WHAT IS REQUIRED
Output the records exactly as they appear, with no pictures included.

Captioned web images:
++++

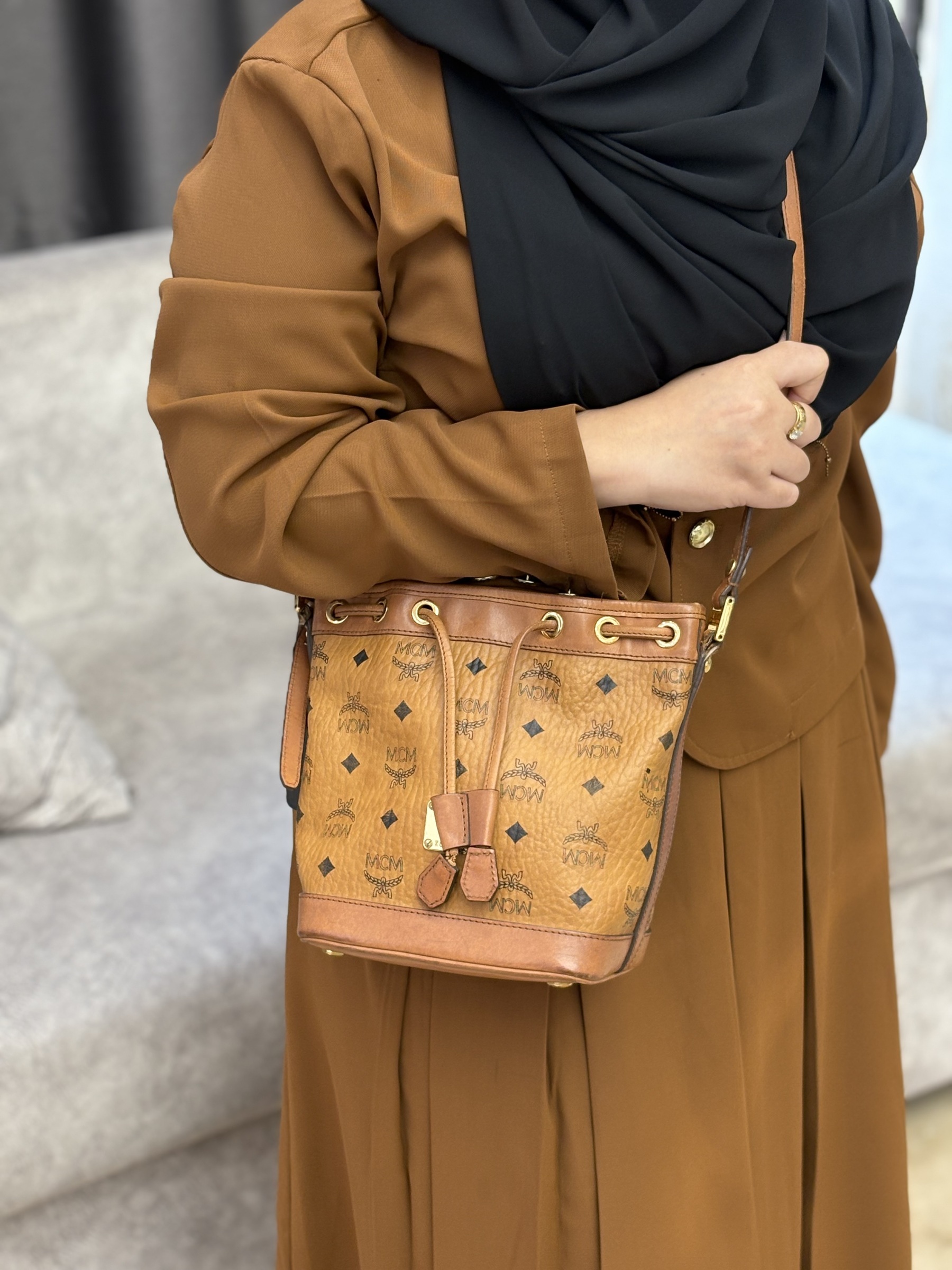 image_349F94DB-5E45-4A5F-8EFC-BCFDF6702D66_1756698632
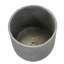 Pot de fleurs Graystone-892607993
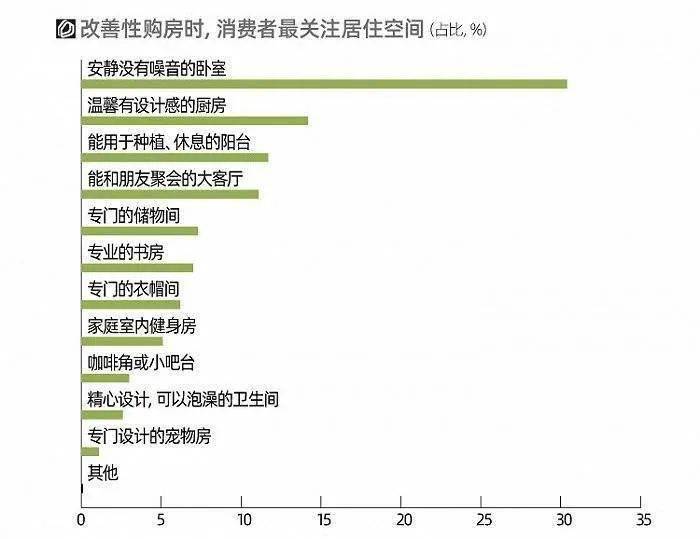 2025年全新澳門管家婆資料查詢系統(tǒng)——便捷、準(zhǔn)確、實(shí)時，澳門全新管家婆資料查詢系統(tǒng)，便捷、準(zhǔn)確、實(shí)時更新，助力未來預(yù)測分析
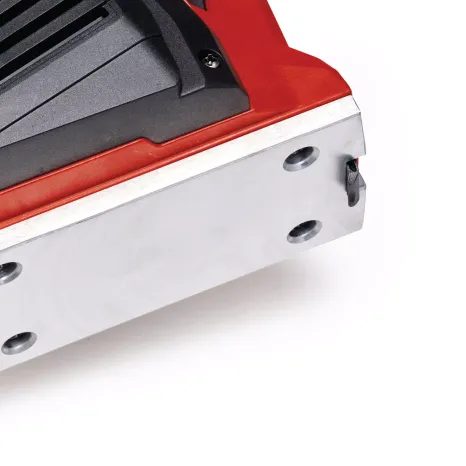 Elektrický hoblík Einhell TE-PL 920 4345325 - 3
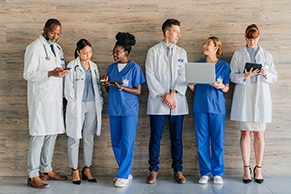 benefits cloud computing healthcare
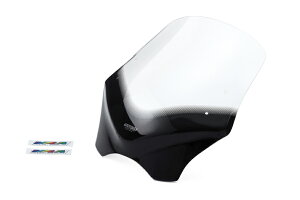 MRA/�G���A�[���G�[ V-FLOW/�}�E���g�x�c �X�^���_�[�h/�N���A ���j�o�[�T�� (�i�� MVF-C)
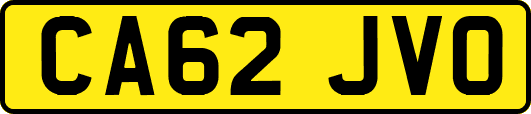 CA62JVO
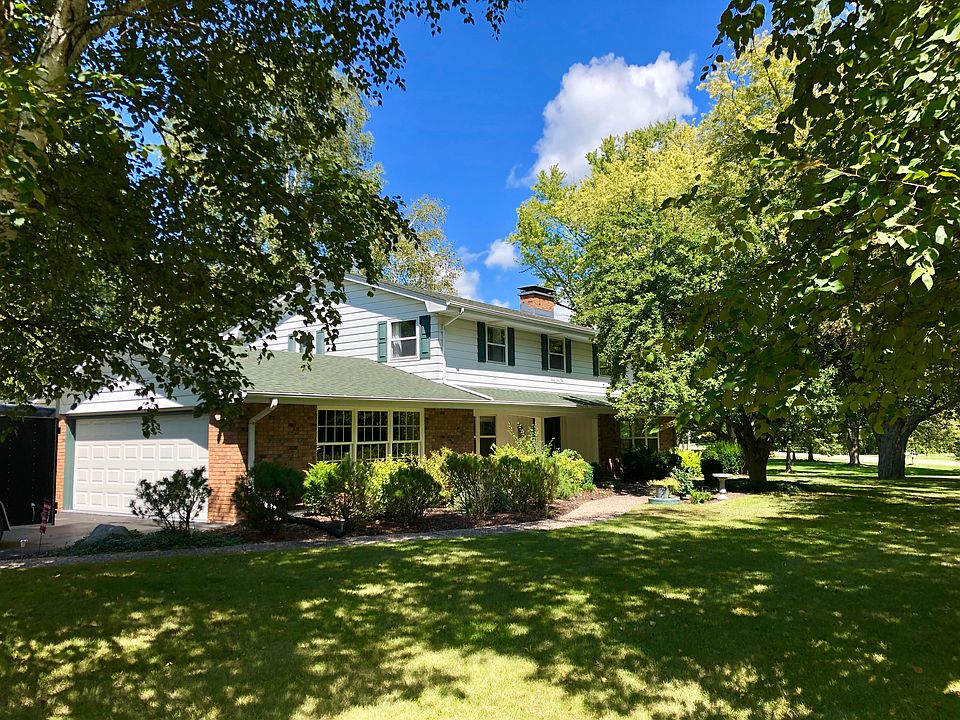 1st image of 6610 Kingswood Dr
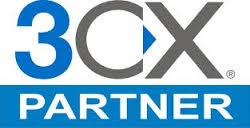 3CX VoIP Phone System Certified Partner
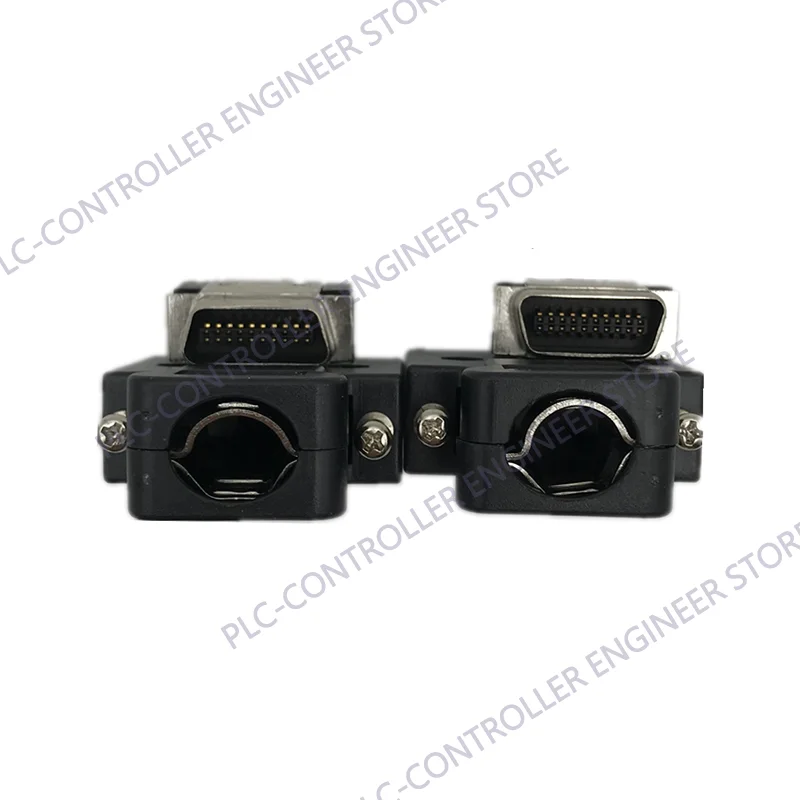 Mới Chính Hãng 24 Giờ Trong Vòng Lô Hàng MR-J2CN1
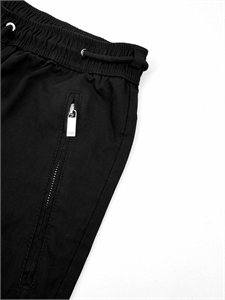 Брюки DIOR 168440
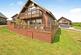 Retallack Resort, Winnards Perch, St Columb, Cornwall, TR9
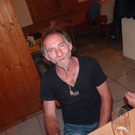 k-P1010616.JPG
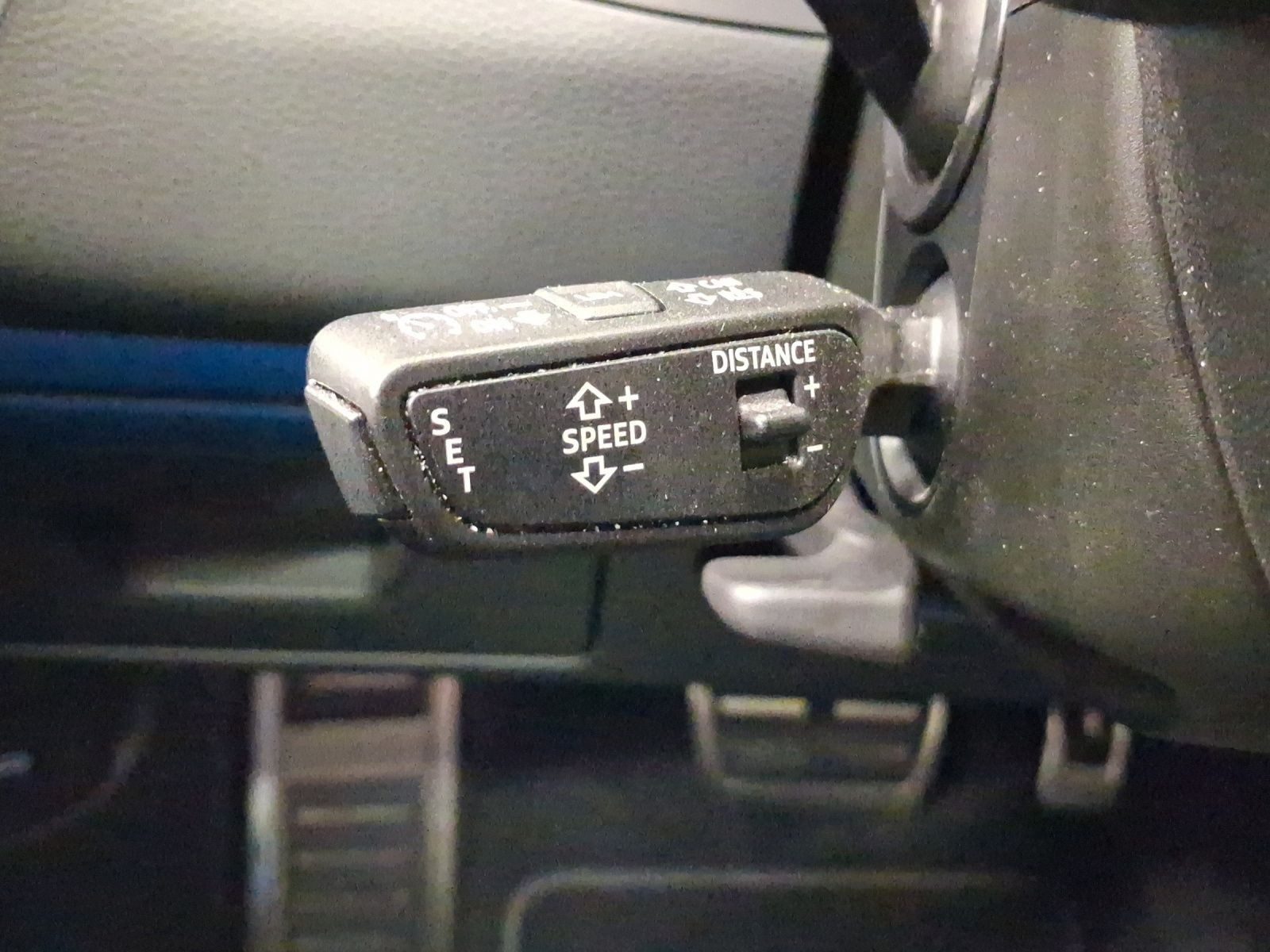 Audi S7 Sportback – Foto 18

++++

RESPONSE AREA
 image_349F94DB-5E45-4A5F-8EFC-BCFDF6702D66_1756698632
 Pot de fleurs Graystone-892607993
 2025年全新澳門管家婆資料查詢系統(tǒng)——便捷、準(zhǔn)確、實(shí)時，澳門全新管家婆資料查詢系統(tǒng)，便捷、準(zhǔn)確、實(shí)時更新，助力未來預(yù)測分析
 Elektrický hoblík Einhell TE-PL 920 4345325 - 3
 benefits cloud computing healthcare
 MRA/�G���A�[���G�[ V-FLOW/�}�E���g�x�c �X�^���_�[�h/�N���A ���j�o�[�T�� (�i�� MVF-C)
 CA62JVO
 1st image of 6610 Kingswood Dr
 3CX VoIP Phone System Certified Partner
 Mới Chính Hãng 24 Giờ Trong Vòng Lô Hàng MR-J2CN1
 Брюки DIOR 168440
 Retallack Resort, Winnards Perch, St Columb, Cornwall, TR9
 k-P1010616.JPG
 Audi S7 Sportback – Foto 18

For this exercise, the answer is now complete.